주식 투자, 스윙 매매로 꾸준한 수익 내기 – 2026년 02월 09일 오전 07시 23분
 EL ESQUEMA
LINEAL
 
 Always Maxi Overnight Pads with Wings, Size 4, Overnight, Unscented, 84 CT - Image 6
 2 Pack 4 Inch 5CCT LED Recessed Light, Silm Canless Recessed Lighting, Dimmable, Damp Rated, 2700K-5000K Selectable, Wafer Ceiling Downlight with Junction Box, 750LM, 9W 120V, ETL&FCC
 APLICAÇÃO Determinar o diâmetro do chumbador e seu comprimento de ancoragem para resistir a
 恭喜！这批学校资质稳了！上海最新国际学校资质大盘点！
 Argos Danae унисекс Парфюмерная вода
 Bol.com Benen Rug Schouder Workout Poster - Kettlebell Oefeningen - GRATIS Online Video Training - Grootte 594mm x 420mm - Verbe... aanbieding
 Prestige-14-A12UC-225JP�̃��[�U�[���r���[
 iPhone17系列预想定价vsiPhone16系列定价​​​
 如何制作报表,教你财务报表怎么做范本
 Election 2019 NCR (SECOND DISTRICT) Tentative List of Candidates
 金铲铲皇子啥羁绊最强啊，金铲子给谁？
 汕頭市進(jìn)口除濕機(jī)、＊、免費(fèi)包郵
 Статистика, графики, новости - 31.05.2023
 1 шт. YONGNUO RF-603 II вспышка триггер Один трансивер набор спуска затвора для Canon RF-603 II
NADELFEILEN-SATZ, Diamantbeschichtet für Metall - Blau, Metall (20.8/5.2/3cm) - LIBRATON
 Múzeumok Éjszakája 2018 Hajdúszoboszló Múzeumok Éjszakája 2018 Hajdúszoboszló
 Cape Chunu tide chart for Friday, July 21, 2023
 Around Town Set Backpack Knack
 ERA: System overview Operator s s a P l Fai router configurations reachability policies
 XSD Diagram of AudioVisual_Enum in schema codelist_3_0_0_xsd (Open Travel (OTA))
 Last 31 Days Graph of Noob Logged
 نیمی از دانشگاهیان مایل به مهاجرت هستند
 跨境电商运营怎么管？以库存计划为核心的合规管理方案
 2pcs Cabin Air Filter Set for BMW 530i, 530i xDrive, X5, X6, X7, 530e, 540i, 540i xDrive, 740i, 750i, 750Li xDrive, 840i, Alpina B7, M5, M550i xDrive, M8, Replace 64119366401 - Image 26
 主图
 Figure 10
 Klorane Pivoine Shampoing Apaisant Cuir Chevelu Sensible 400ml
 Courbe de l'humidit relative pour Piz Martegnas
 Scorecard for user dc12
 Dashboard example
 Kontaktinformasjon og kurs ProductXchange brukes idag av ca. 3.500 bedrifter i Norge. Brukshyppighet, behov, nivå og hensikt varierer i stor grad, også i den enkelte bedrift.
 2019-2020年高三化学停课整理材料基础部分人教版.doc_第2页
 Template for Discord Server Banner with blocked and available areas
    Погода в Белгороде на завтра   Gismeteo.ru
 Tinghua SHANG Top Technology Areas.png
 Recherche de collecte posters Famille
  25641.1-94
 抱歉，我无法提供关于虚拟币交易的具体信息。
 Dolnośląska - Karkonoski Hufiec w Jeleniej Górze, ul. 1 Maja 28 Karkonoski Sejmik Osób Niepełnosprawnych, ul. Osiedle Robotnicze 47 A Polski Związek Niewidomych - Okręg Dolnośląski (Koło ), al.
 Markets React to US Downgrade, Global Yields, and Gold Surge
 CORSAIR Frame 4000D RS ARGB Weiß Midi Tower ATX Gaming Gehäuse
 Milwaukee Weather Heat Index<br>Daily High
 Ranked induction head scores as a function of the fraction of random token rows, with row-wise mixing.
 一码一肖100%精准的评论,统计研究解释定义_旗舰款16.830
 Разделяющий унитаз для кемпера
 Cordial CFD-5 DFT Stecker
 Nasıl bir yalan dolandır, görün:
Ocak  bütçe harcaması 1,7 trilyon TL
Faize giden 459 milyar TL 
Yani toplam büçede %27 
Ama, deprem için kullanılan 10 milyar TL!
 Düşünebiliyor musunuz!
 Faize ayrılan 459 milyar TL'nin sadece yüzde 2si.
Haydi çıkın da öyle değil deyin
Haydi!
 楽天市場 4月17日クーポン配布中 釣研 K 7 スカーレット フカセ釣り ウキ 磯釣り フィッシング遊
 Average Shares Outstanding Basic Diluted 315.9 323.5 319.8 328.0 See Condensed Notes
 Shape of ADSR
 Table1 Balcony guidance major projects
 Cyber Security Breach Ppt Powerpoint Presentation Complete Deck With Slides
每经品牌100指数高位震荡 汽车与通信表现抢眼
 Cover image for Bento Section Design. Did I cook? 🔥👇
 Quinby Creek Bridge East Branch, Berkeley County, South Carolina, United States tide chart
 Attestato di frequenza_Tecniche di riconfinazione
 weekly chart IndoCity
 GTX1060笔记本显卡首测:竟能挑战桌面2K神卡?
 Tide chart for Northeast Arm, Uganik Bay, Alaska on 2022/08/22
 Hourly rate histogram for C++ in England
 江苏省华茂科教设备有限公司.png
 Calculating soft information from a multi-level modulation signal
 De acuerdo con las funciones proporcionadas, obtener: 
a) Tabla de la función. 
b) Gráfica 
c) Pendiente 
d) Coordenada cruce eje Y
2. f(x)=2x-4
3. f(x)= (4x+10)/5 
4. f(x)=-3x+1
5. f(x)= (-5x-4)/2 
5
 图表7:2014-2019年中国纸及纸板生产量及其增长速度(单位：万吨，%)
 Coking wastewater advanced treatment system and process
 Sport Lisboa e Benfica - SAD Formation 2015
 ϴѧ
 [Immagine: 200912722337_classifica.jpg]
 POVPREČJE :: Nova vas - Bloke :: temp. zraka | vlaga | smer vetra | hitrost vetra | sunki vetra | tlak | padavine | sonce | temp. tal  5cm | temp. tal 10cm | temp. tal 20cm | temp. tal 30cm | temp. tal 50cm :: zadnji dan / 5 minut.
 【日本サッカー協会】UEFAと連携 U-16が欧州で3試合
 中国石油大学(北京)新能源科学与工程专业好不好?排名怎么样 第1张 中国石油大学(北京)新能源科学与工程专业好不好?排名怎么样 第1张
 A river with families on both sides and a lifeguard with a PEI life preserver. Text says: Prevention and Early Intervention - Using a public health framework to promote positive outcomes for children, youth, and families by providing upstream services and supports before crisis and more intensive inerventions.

---+---

▸ What is being asked
Print every line you see above, exactly as written.

▸ Solution for this problem
주식 투자, 스윙 매매로 꾸준한 수익 내기 – 2026년 02월 09일 오전 07시 23분
 EL ESQUEMA
LINEAL
 
 Always Maxi Overnight Pads with Wings, Size 4, Overnight, Unscented, 84 CT - Image 6
 2 Pack 4 Inch 5CCT LED Recessed Light, Silm Canless Recessed Lighting, Dimmable, Damp Rated, 2700K-5000K Selectable, Wafer Ceiling Downlight with Junction Box, 750LM, 9W 120V, ETL&FCC
 APLICAÇÃO Determinar o diâmetro do chumbador e seu comprimento de ancoragem para resistir a
 恭喜！这批学校资质稳了！上海最新国际学校资质大盘点！
 Argos Danae унисекс Парфюмерная вода
 Bol.com Benen Rug Schouder Workout Poster - Kettlebell Oefeningen - GRATIS Online Video Training - Grootte 594mm x 420mm - Verbe... aanbieding
 Prestige-14-A12UC-225JP�̃��[�U�[���r���[
 iPhone17系列预想定价vsiPhone16系列定价​​​
 如何制作报表,教你财务报表怎么做范本
 Election 2019 NCR (SECOND DISTRICT) Tentative List of Candidates
 金铲铲皇子啥羁绊最强啊，金铲子给谁？
 汕頭市進(jìn)口除濕機(jī)、＊、免費(fèi)包郵
 Статистика, графики, новости - 31.05.2023
 1 шт. YONGNUO RF-603 II вспышка триггер Один трансивер набор спуска затвора для Canon RF-603 II
NADELFEILEN-SATZ, Diamantbeschichtet für Metall - Blau, Metall (20.8/5.2/3cm) - LIBRATON
 Múzeumok Éjszakája 2018 Hajdúszoboszló Múzeumok Éjszakája 2018 Hajdúszoboszló
 Cape Chunu tide chart for Friday, July 21, 2023
 Around Town Set Backpack Knack
 ERA: System overview Operator s s a P l Fai router configurations reachability policies
 XSD Diagram of AudioVisual_Enum in schema codelist_3_0_0_xsd (Open Travel (OTA))
 Last 31 Days Graph of Noob Logged
 نیمی از دانشگاهیان مایل به مهاجرت هستند
 跨境电商运营怎么管？以库存计划为核心的合规管理方案
 2pcs Cabin Air Filter Set for BMW 530i, 530i xDrive, X5, X6, X7, 530e, 540i, 540i xDrive, 740i, 750i, 750Li xDrive, 840i, Alpina B7, M5, M550i xDrive, M8, Replace 64119366401 - Image 26
 主图
 Figure 10
 Klorane Pivoine Shampoing Apaisant Cuir Chevelu Sensible 400ml
 Courbe de l'humidit relative pour Piz Martegnas
 Scorecard for user dc12
 Dashboard example
 Kontaktinformasjon og kurs ProductXchange brukes idag av ca. 3.500 bedrifter i Norge. Brukshyppighet, behov, nivå og hensikt varierer i stor grad, også i den enkelte bedrift.
 2019-2020年高三化学停课整理材料基础部分人教版.doc_第2页
 Template for Discord Server Banner with blocked and available areas
    Погода в Белгороде на завтра   Gismeteo.ru
 Tinghua SHANG Top Technology Areas.png
 Recherche de collecte posters Famille
  25641.1-94
 抱歉，我无法提供关于虚拟币交易的具体信息。
 Dolnośląska - Karkonoski Hufiec w Jeleniej Górze, ul. 1 Maja 28 Karkonoski Sejmik Osób Niepełnosprawnych, ul. Osiedle Robotnicze 47 A Polski Związek Niewidomych - Okręg Dolnośląski (Koło ), al.
 Markets React to US Downgrade, Global Yields, and Gold Surge
 CORSAIR Frame 4000D RS ARGB Weiß Midi Tower ATX Gaming Gehäuse
 Milwaukee Weather Heat Index<br>Daily High
 Ranked induction head scores as a function of the fraction of random token rows, with row-wise mixing.
 一码一肖100%精准的评论,统计研究解释定义_旗舰款16.830
 Разделяющий унитаз для кемпера
 Cordial CFD-5 DFT Stecker
 Nasıl bir yalan dolandır, görün:
Ocak  bütçe harcaması 1,7 trilyon TL
Faize giden 459 milyar TL 
Yani toplam büçede %27 
Ama, deprem için kullanılan 10 milyar TL!
 Düşünebiliyor musunuz!
 Faize ayrılan 459 milyar TL'nin sadece yüzde 2si.
Haydi çıkın da öyle değil deyin
Haydi!
 楽天市場 4月17日クーポン配布中 釣研 K 7 スカーレット フカセ釣り ウキ 磯釣り フィッシング遊
 Average Shares Outstanding Basic Diluted 315.9 323.5 319.8 328.0 See Condensed Notes
 Shape of ADSR
 Table1 Balcony guidance major projects
 Cyber Security Breach Ppt Powerpoint Presentation Complete Deck With Slides
每经品牌100指数高位震荡 汽车与通信表现抢眼
 Cover image for Bento Section Design. Did I cook? 🔥👇
 Quinby Creek Bridge East Branch, Berkeley County, South Carolina, United States tide chart
 Attestato di frequenza_Tecniche di riconfinazione
 weekly chart IndoCity
 GTX1060笔记本显卡首测:竟能挑战桌面2K神卡?
 Tide chart for Northeast Arm, Uganik Bay, Alaska on 2022/08/22
 Hourly rate histogram for C++ in England
 江苏省华茂科教设备有限公司.png
 Calculating soft information from a multi-level modulation signal
 De acuerdo con las funciones proporcionadas, obtener: 
a) Tabla de la función. 
b) Gráfica 
c) Pendiente 
d) Coordenada cruce eje Y
2. f(x)=2x-4
3. f(x)= (4x+10)/5 
4. f(x)=-3x+1
5. f(x)= (-5x-4)/2 
5
 图表7:2014-2019年中国纸及纸板生产量及其增长速度(单位：万吨，%)
 Coking wastewater advanced treatment system and process
 Sport Lisboa e Benfica - SAD Formation 2015
 ϴѧ
 [Immagine: 200912722337_classifica.jpg]
 POVPREČJE :: Nova vas - Bloke :: temp. zraka | vlaga | smer vetra | hitrost vetra | sunki vetra | tlak | padavine | sonce | temp. tal  5cm | temp. tal 10cm | temp. tal 20cm | temp. tal 30cm | temp. tal 50cm :: zadnji dan / 5 minut.
 【日本サッカー協会】UEFAと連携 U-16が欧州で3試合
 中国石油大学(北京)新能源科学与工程专业好不好?排名怎么样 第1张 中国石油大学(北京)新能源科学与工程专业好不好?排名怎么样 第1张
 A river with families on both sides and a lifeguard with a PEI life preserver. Text says: Prevention and Early Intervention - Using a public health framework to promote positive outcomes for children, youth, and families by providing upstream services and supports before crisis and more intensive inerventions.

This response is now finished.